● **What is needed**: The entries should be written out again exactly as they read.

● **Records contained in a dataset**:
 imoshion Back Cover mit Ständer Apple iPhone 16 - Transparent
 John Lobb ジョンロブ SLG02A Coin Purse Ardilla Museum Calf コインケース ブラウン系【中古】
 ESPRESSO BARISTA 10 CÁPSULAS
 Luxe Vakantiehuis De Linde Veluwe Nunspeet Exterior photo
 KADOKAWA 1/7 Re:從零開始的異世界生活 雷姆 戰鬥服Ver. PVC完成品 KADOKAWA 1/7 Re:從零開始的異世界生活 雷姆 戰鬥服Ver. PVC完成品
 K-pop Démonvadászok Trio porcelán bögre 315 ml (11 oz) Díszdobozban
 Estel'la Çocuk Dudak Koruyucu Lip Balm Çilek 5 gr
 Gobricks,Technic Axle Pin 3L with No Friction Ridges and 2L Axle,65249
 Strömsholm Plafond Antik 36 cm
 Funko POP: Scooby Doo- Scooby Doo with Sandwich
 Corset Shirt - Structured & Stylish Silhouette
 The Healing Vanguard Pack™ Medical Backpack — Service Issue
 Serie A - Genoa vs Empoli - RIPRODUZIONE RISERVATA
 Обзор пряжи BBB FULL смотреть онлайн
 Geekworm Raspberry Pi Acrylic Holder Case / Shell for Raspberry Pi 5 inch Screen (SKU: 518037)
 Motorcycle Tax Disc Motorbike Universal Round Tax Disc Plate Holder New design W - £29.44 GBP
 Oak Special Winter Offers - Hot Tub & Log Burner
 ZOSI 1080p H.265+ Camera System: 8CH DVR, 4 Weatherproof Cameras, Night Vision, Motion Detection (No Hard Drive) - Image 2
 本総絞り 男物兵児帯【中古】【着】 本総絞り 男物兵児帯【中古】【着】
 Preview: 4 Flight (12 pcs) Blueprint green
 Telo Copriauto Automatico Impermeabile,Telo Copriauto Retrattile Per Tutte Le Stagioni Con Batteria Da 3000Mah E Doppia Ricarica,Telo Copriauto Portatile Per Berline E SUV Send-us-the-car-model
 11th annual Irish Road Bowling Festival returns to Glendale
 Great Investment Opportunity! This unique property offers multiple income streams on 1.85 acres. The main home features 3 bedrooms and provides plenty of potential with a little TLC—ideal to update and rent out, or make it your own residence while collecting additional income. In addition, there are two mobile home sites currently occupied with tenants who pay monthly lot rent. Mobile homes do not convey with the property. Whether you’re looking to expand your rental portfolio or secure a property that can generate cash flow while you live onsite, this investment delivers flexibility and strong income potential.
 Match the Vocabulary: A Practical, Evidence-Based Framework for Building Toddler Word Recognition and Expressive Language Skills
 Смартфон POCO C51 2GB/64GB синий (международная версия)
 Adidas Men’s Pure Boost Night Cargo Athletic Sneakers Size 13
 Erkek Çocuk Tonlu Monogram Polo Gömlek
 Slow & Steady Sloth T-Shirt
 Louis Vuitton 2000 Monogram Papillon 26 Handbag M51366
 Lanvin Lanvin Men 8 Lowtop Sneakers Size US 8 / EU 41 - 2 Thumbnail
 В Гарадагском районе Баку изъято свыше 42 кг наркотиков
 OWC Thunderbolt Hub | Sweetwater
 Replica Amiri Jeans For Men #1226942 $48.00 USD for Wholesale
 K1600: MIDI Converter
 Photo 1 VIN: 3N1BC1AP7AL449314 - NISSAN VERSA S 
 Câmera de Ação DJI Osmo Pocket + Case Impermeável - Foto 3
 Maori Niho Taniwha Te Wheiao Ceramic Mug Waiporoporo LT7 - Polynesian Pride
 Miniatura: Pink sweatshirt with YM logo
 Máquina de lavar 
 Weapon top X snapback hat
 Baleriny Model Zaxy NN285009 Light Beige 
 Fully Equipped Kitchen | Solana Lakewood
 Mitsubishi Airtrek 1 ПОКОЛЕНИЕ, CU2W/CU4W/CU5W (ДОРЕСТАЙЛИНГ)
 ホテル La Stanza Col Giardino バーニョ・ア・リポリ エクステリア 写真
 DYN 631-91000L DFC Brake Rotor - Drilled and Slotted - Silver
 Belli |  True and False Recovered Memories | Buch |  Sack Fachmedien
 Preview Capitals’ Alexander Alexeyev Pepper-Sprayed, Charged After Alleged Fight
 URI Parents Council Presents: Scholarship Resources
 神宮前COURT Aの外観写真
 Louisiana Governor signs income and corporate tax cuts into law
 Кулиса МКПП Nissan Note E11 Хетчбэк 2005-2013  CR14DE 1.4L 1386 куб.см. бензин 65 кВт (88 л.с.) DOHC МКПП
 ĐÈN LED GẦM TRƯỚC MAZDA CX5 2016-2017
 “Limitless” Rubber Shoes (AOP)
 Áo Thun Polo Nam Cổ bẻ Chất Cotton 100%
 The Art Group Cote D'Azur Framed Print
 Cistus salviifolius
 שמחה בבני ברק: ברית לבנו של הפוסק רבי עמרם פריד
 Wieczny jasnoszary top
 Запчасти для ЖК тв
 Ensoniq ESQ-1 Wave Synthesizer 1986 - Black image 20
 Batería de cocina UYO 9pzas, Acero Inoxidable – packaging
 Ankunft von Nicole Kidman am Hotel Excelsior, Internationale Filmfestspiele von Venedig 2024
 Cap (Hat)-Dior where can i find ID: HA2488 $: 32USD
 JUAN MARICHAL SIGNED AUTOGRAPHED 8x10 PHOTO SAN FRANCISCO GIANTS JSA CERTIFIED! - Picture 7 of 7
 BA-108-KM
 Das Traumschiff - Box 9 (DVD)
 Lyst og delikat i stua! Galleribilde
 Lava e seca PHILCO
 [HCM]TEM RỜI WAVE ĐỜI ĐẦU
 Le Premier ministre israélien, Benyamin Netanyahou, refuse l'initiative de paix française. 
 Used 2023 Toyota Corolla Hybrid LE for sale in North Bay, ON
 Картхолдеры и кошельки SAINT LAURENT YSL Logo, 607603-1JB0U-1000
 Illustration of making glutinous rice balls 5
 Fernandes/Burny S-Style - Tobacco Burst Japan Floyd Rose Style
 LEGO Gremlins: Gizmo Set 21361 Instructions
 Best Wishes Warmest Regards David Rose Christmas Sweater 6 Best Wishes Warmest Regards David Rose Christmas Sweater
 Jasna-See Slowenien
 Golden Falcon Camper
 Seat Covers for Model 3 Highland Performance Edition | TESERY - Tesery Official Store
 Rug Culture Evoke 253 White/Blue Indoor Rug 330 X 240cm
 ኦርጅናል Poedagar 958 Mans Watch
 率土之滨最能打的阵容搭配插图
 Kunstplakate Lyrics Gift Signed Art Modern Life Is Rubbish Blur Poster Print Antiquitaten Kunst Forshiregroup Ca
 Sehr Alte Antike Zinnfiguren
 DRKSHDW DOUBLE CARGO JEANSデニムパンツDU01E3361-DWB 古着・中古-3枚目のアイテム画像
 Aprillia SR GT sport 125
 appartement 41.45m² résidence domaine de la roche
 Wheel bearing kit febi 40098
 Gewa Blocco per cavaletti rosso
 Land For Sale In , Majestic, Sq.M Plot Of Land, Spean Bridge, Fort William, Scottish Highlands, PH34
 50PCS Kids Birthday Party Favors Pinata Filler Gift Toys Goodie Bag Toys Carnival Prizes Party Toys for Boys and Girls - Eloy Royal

● **Task output**:
 imoshion Back Cover mit Ständer Apple iPhone 16 - Transparent
 John Lobb ジョンロブ SLG02A Coin Purse Ardilla Museum Calf コインケース ブラウン系【中古】
 ESPRESSO BARISTA 10 CÁPSULAS
 Luxe Vakantiehuis De Linde Veluwe Nunspeet Exterior photo
 KADOKAWA 1/7 Re:從零開始的異世界生活 雷姆 戰鬥服Ver. PVC完成品 KADOKAWA 1/7 Re:從零開始的異世界生活 雷姆 戰鬥服Ver. PVC完成品
 K-pop Démonvadászok Trio porcelán bögre 315 ml (11 oz) Díszdobozban
 Estel'la Çocuk Dudak Koruyucu Lip Balm Çilek 5 gr
 Gobricks,Technic Axle Pin 3L with No Friction Ridges and 2L Axle,65249
 Strömsholm Plafond Antik 36 cm
 Funko POP: Scooby Doo- Scooby Doo with Sandwich
 Corset Shirt - Structured & Stylish Silhouette
 The Healing Vanguard Pack™ Medical Backpack — Service Issue
 Serie A - Genoa vs Empoli - RIPRODUZIONE RISERVATA
 Обзор пряжи BBB FULL смотреть онлайн
 Geekworm Raspberry Pi Acrylic Holder Case / Shell for Raspberry Pi 5 inch Screen (SKU: 518037)
 Motorcycle Tax Disc Motorbike Universal Round Tax Disc Plate Holder New design W - £29.44 GBP
 Oak Special Winter Offers - Hot Tub & Log Burner
 ZOSI 1080p H.265+ Camera System: 8CH DVR, 4 Weatherproof Cameras, Night Vision, Motion Detection (No Hard Drive) - Image 2
 本総絞り 男物兵児帯【中古】【着】 本総絞り 男物兵児帯【中古】【着】
 Preview: 4 Flight (12 pcs) Blueprint green
 Telo Copriauto Automatico Impermeabile,Telo Copriauto Retrattile Per Tutte Le Stagioni Con Batteria Da 3000Mah E Doppia Ricarica,Telo Copriauto Portatile Per Berline E SUV Send-us-the-car-model
 11th annual Irish Road Bowling Festival returns to Glendale
 Great Investment Opportunity! This unique property offers multiple income streams on 1.85 acres. The main home features 3 bedrooms and provides plenty of potential with a little TLC—ideal to update and rent out, or make it your own residence while collecting additional income. In addition, there are two mobile home sites currently occupied with tenants who pay monthly lot rent. Mobile homes do not convey with the property. Whether you’re looking to expand your rental portfolio or secure a property that can generate cash flow while you live onsite, this investment delivers flexibility and strong income potential.
 Match the Vocabulary: A Practical, Evidence-Based Framework for Building Toddler Word Recognition and Expressive Language Skills
 Смартфон POCO C51 2GB/64GB синий (международная версия)
 Adidas Men’s Pure Boost Night Cargo Athletic Sneakers Size 13
 Erkek Çocuk Tonlu Monogram Polo Gömlek
 Slow & Steady Sloth T-Shirt
 Louis Vuitton 2000 Monogram Papillon 26 Handbag M51366
 Lanvin Lanvin Men 8 Lowtop Sneakers Size US 8 / EU 41 - 2 Thumbnail
 В Гарадагском районе Баку изъято свыше 42 кг наркотиков
 OWC Thunderbolt Hub | Sweetwater
 Replica Amiri Jeans For Men #1226942 $48.00 USD for Wholesale
 K1600: MIDI Converter
 Photo 1 VIN: 3N1BC1AP7AL449314 - NISSAN VERSA S 
 Câmera de Ação DJI Osmo Pocket + Case Impermeável - Foto 3
 Maori Niho Taniwha Te Wheiao Ceramic Mug Waiporoporo LT7 - Polynesian Pride
 Miniatura: Pink sweatshirt with YM logo
 Máquina de lavar 
 Weapon top X snapback hat
 Baleriny Model Zaxy NN285009 Light Beige 
 Fully Equipped Kitchen | Solana Lakewood
 Mitsubishi Airtrek 1 ПОКОЛЕНИЕ, CU2W/CU4W/CU5W (ДОРЕСТАЙЛИНГ)
 ホテル La Stanza Col Giardino バーニョ・ア・リポリ エクステリア 写真
 DYN 631-91000L DFC Brake Rotor - Drilled and Slotted - Silver
 Belli |  True and False Recovered Memories | Buch |  Sack Fachmedien
 Preview Capitals’ Alexander Alexeyev Pepper-Sprayed, Charged After Alleged Fight
 URI Parents Council Presents: Scholarship Resources
 神宮前COURT Aの外観写真
 Louisiana Governor signs income and corporate tax cuts into law
 Кулиса МКПП Nissan Note E11 Хетчбэк 2005-2013  CR14DE 1.4L 1386 куб.см. бензин 65 кВт (88 л.с.) DOHC МКПП
 ĐÈN LED GẦM TRƯỚC MAZDA CX5 2016-2017
 “Limitless” Rubber Shoes (AOP)
 Áo Thun Polo Nam Cổ bẻ Chất Cotton 100%
 The Art Group Cote D'Azur Framed Print
 Cistus salviifolius
 שמחה בבני ברק: ברית לבנו של הפוסק רבי עמרם פריד
 Wieczny jasnoszary top
 Запчасти для ЖК тв
 Ensoniq ESQ-1 Wave Synthesizer 1986 - Black image 20
 Batería de cocina UYO 9pzas, Acero Inoxidable – packaging
 Ankunft von Nicole Kidman am Hotel Excelsior, Internationale Filmfestspiele von Venedig 2024
 Cap (Hat)-Dior where can i find ID: HA2488 $: 32USD
 JUAN MARICHAL SIGNED AUTOGRAPHED 8x10 PHOTO SAN FRANCISCO GIANTS JSA CERTIFIED! - Picture 7 of 7
 BA-108-KM
 Das Traumschiff - Box 9 (DVD)
 Lyst og delikat i stua! Galleribilde
 Lava e seca PHILCO
 [HCM]TEM RỜI WAVE ĐỜI ĐẦU
 Le Premier ministre israélien, Benyamin Netanyahou, refuse l'initiative de paix française. 
 Used 2023 Toyota Corolla Hybrid LE for sale in North Bay, ON
 Картхолдеры и кошельки SAINT LAURENT YSL Logo, 607603-1JB0U-1000
 Illustration of making glutinous rice balls 5
 Fernandes/Burny S-Style - Tobacco Burst Japan Floyd Rose Style
 LEGO Gremlins: Gizmo Set 21361 Instructions
 Best Wishes Warmest Regards David Rose Christmas Sweater 6 Best Wishes Warmest Regards David Rose Christmas Sweater
 Jasna-See Slowenien
 Golden Falcon Camper
 Seat Covers for Model 3 Highland Performance Edition | TESERY - Tesery Official Store
 Rug Culture Evoke 253 White/Blue Indoor Rug 330 X 240cm
 ኦርጅናል Poedagar 958 Mans Watch
 率土之滨最能打的阵容搭配插图
 Kunstplakate Lyrics Gift Signed Art Modern Life Is Rubbish Blur Poster Print Antiquitaten Kunst Forshiregroup Ca
 Sehr Alte Antike Zinnfiguren
 DRKSHDW DOUBLE CARGO JEANSデニムパンツDU01E3361-DWB 古着・中古-3枚目のアイテム画像
 Aprillia SR GT sport 125
 appartement 41.45m² résidence domaine de la roche
 Wheel bearing kit febi 40098
 Gewa Blocco per cavaletti rosso
 Land For Sale In , Majestic, Sq.M Plot Of Land, Spean Bridge, Fort William, Scottish Highlands, PH34
 50PCS Kids Birthday Party Favors Pinata Filler Gift Toys Goodie Bag Toys Carnival Prizes Party Toys for Boys and Girls - Eloy Royal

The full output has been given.